Start of Block
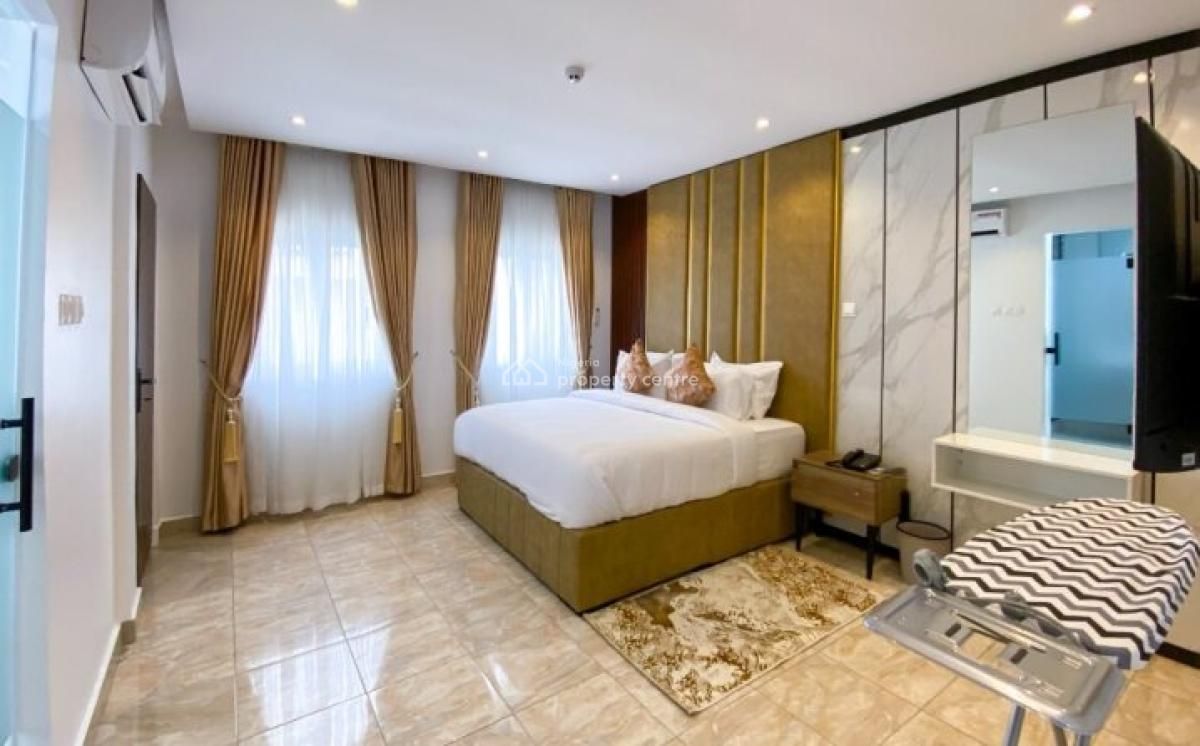 Luxury 1 Bedroom Apartment, Lekki Phase 1, Lekki, Lagos, Flat / Apartment Short Let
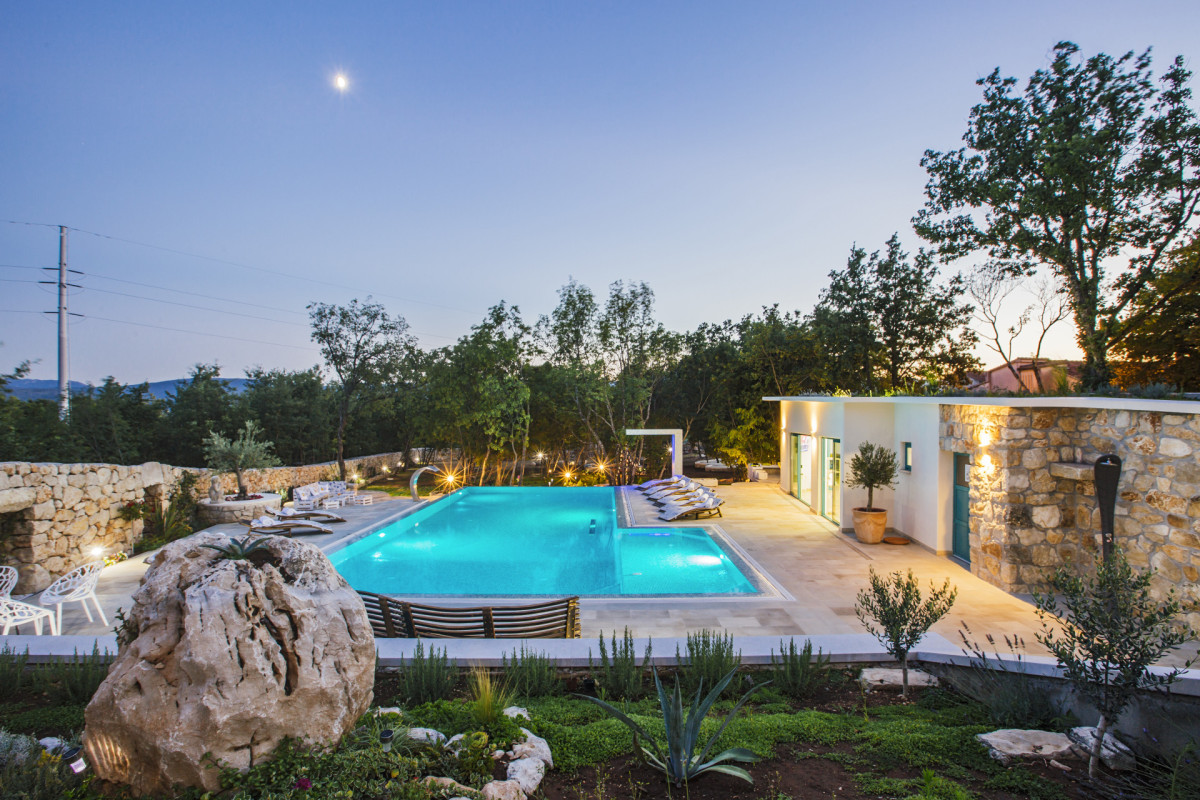 Villa G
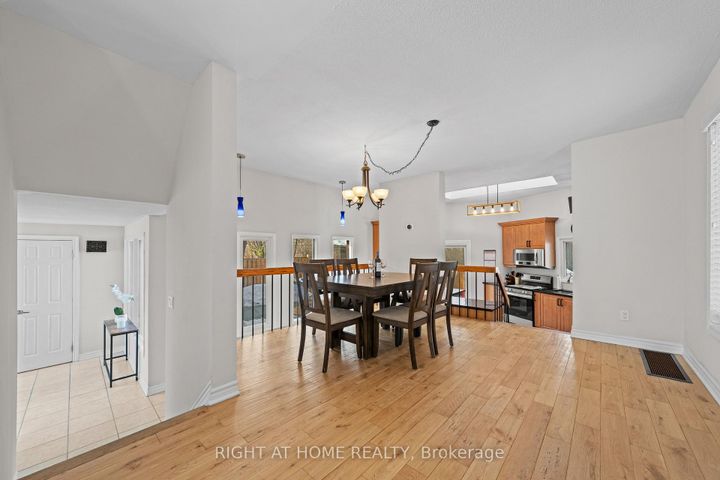 Photo 12 at 7027 Estoril Road, Meadowvale, Mississauga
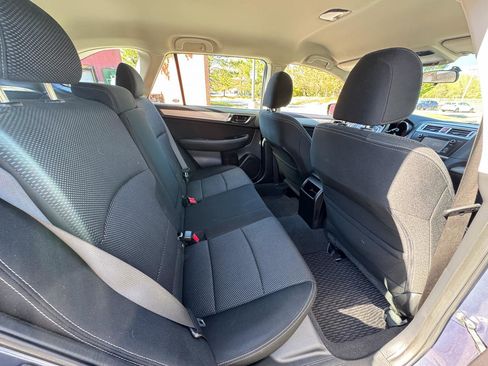 Used 2017 Subaru Outback 2.5i AWD/4WD image 11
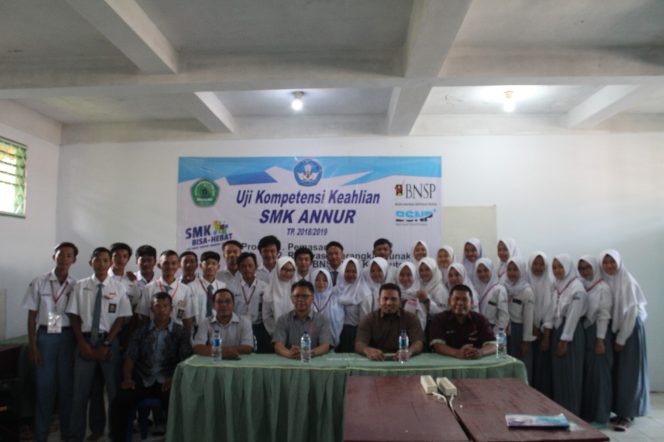 
					92 Siswa SMK Annur Uji Kompetensi Dunia Industri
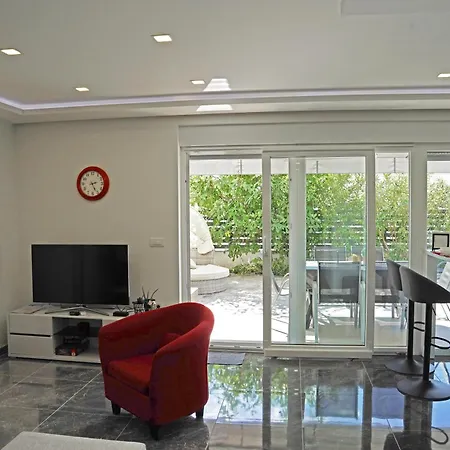 Sobol 'navis' With Private Jacuzzi Daire *
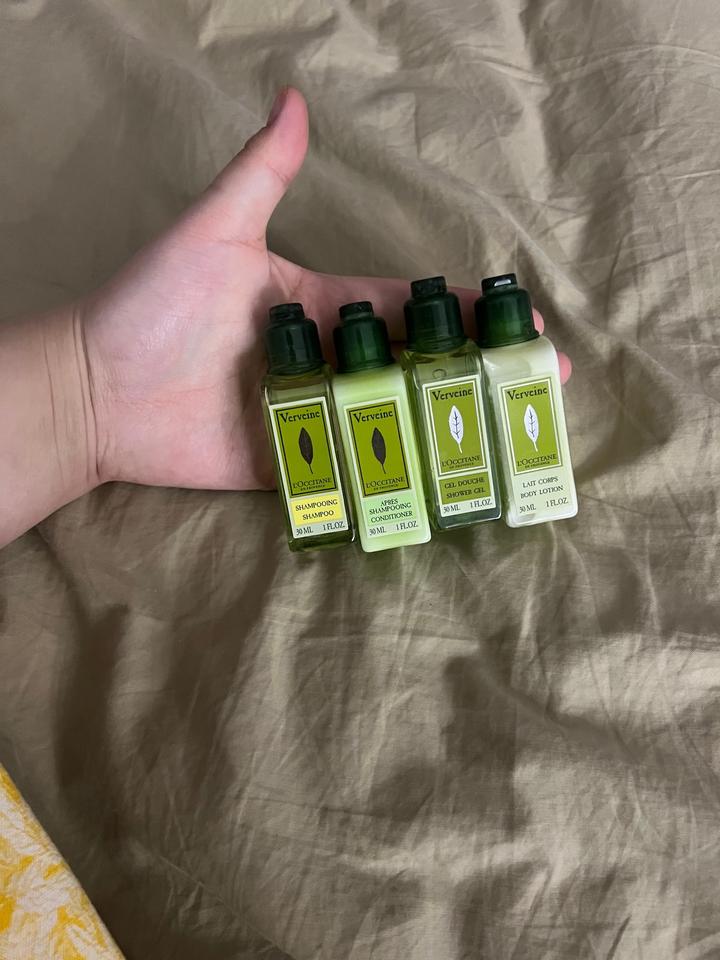 Набор с косметичкой Loccitane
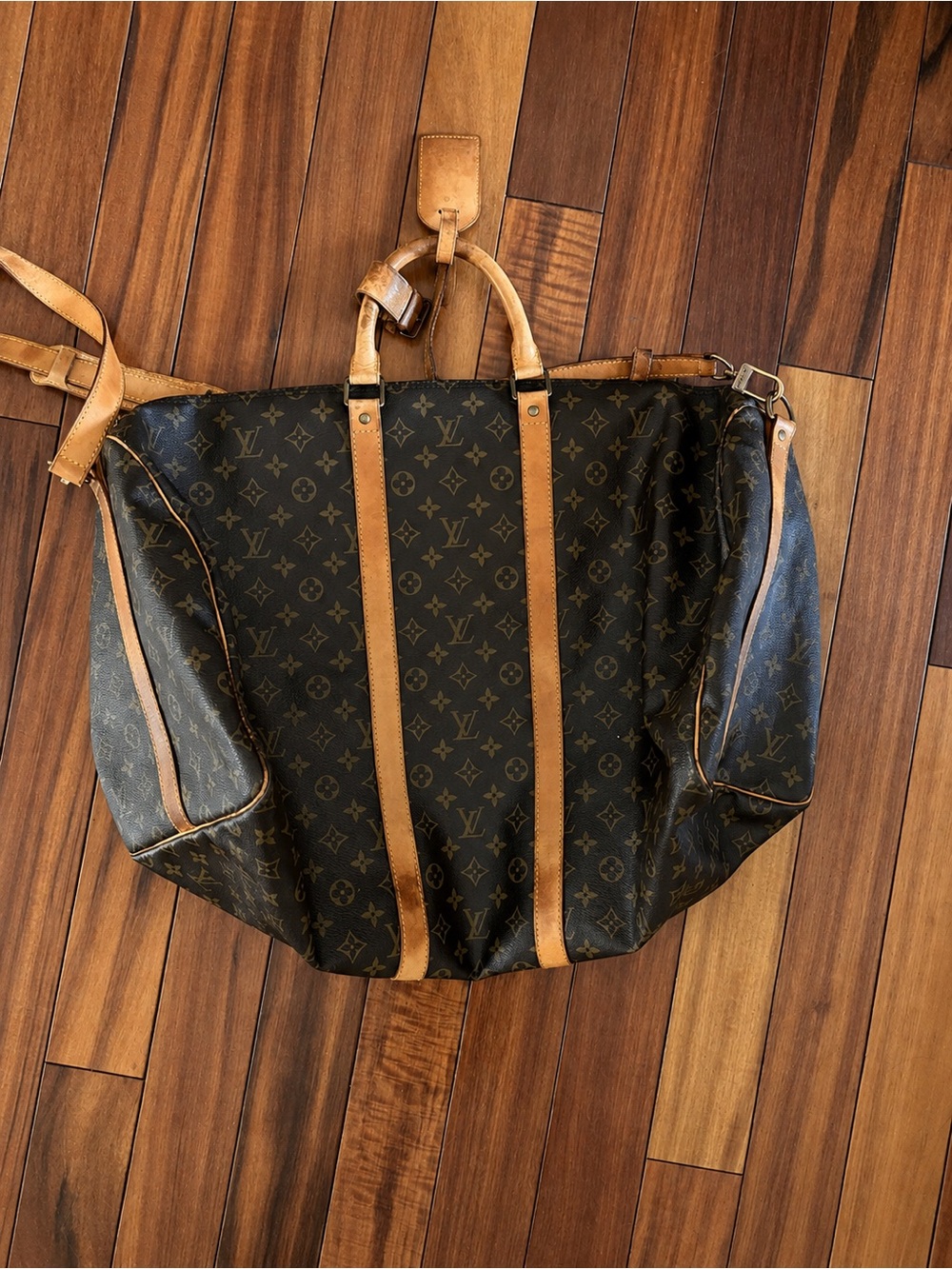 Louis Vuitton Monogram Canvas Keepall Duffel Bag in Brown and Tan - Picture 3 of 6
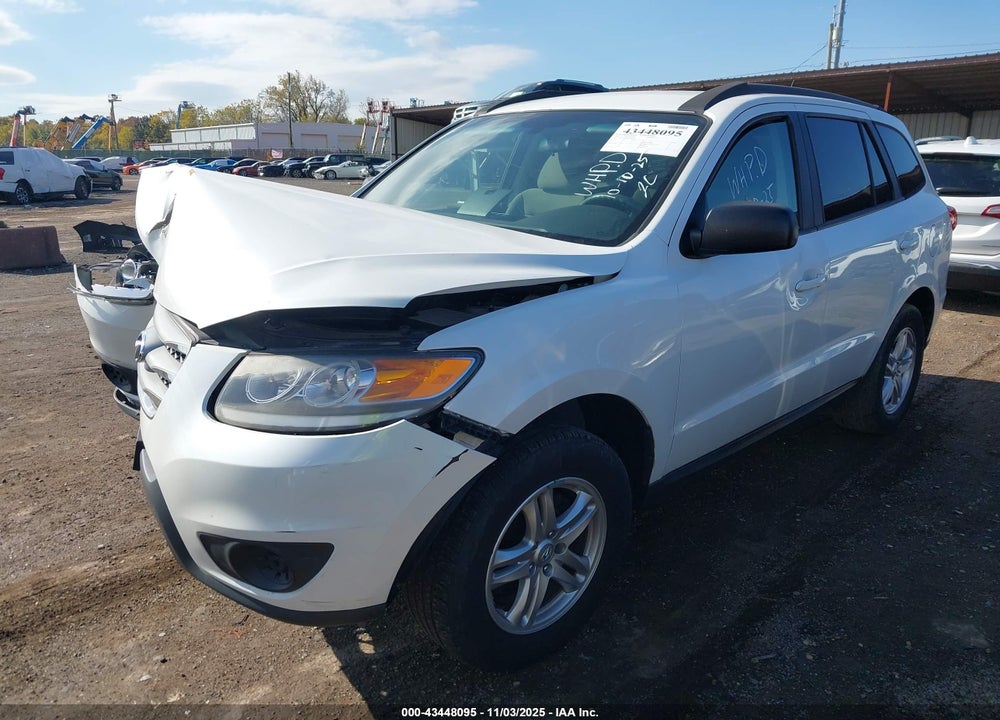 2012 HYUNDAI SANTA FE VIN: 5XYZGDAB7CG092846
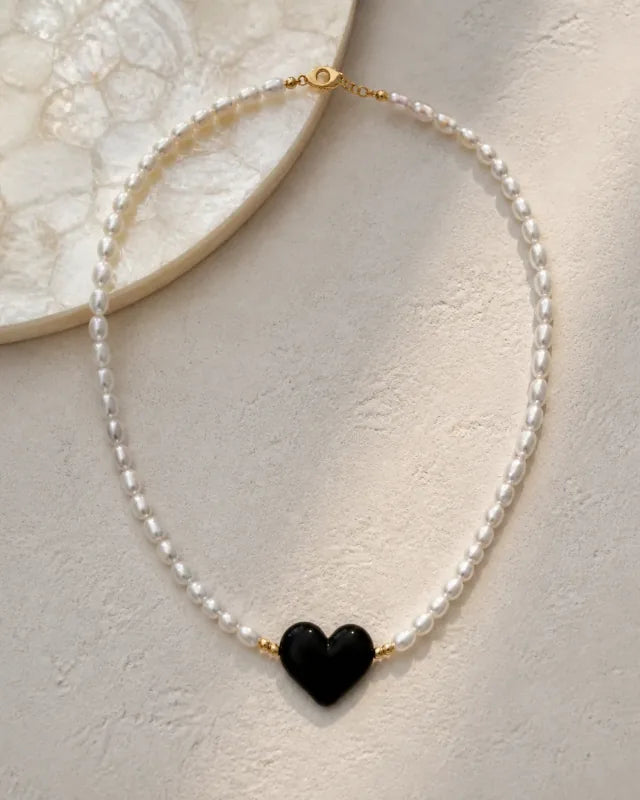 Corazón Murano black/pearl/gold, handmade glass jewelry by Parcha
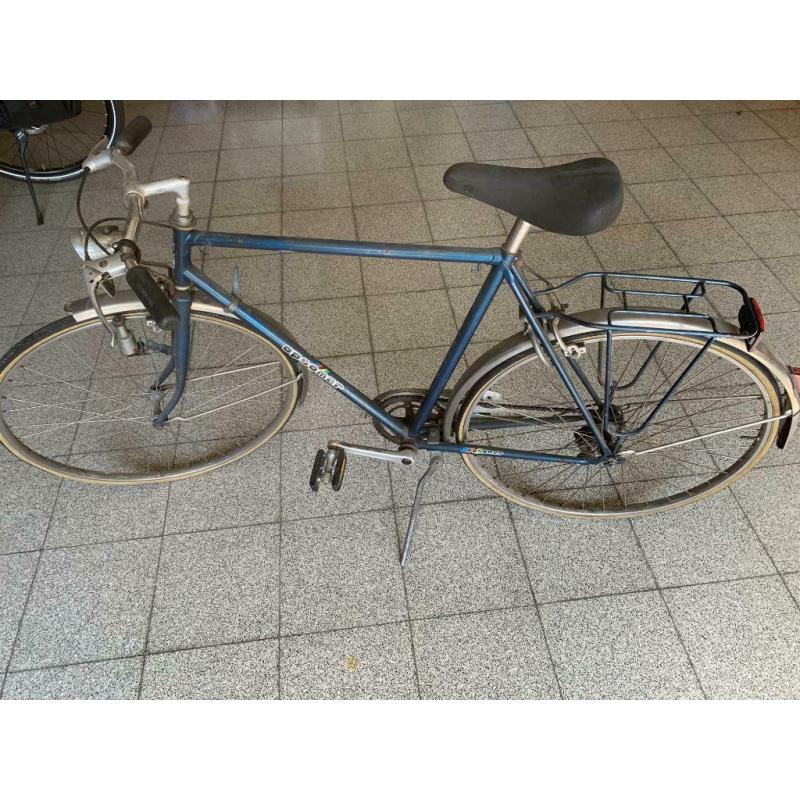 Herenfiets te koop (banden te vernieuwen)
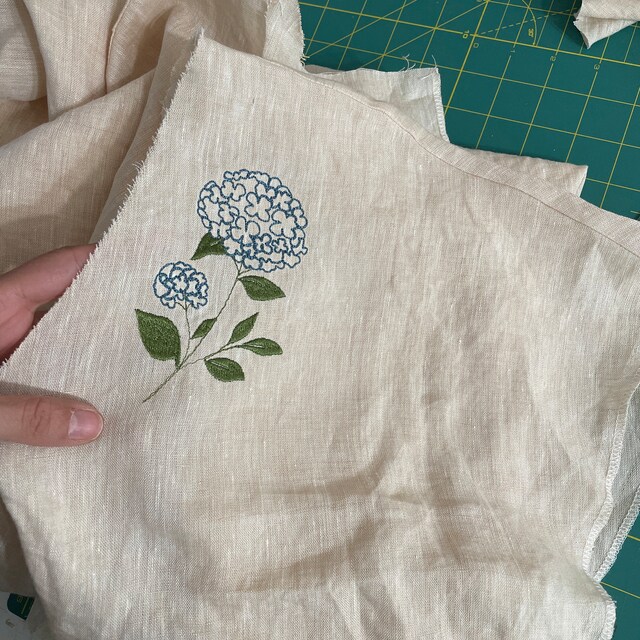 マメクロゴウチ　TunicWithSmallFlower　Embroidery Bouquet Embroidery Satin Embroidery Easy stitches for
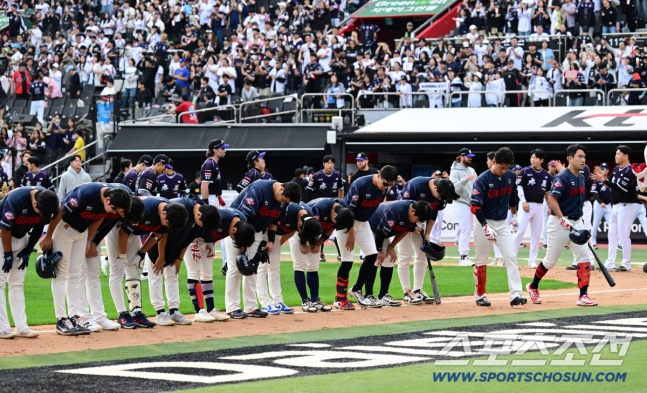 3일 수원 케이티위즈파크에서 열린 KT와 롯데의 경기. KT가 롯데에 승리했다. 경기 종료 후 팬들에게 인사하는 롯데 선수들. 수원=송정헌 기자songs@sportschosun.com/2026.10.03/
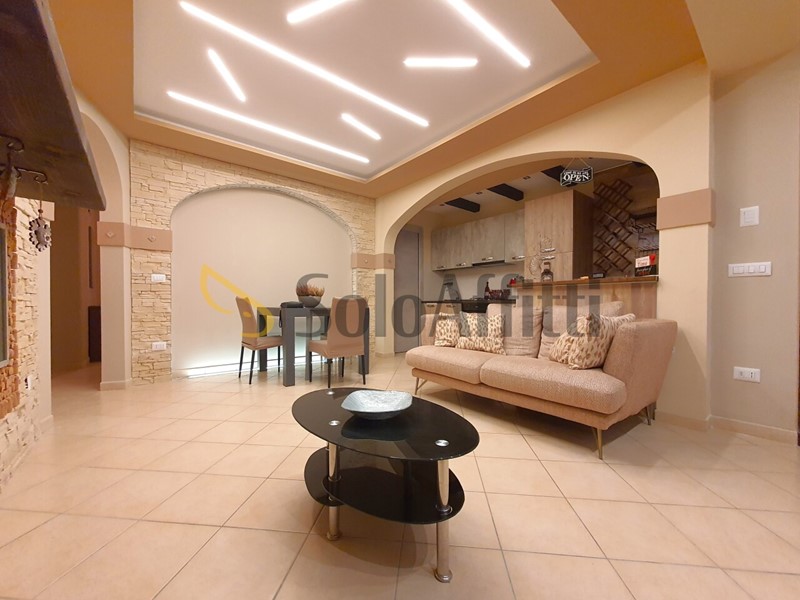 Trilocale in Affitto a Catanzaro, zona Campagnella - Signorello, 550€, 75 m², arredato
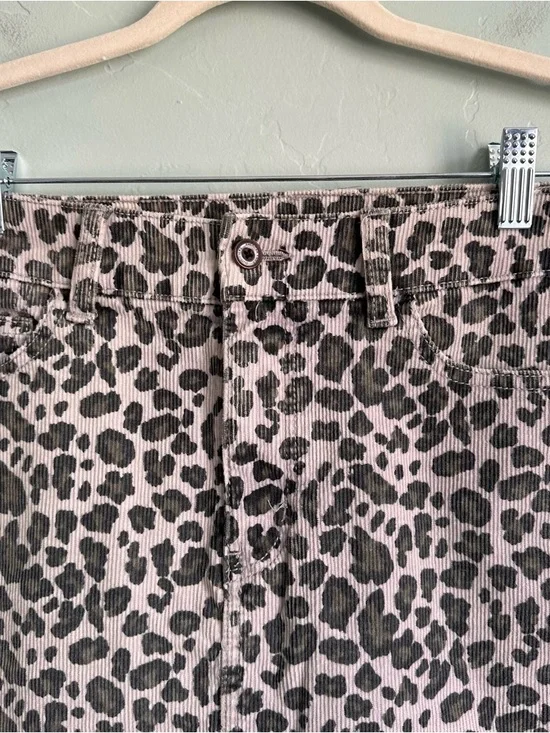 American Eagle Women Stretch Corduroy Leopard Animal Print Mini Skirt Size 4 EUC - Picture 2 of 7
End of Block
— Assignment —
Give again, exactly, the lines from the start of the data through the one holding "Набор с косметичкой Loccitane"; omit the pictures.

— Answer to this task —
 Luxury 1 Bedroom Apartment, Lekki Phase 1, Lekki, Lagos, Flat / Apartment Short Let
 Villa G
 Photo 12 at 7027 Estoril Road, Meadowvale, Mississauga
 Used 2017 Subaru Outback 2.5i AWD/4WD image 11
					92 Siswa SMK Annur Uji Kompetensi Dunia Industri
 Sobol 'navis' With Private Jacuzzi Daire *
 Набор с косметичкой Loccitane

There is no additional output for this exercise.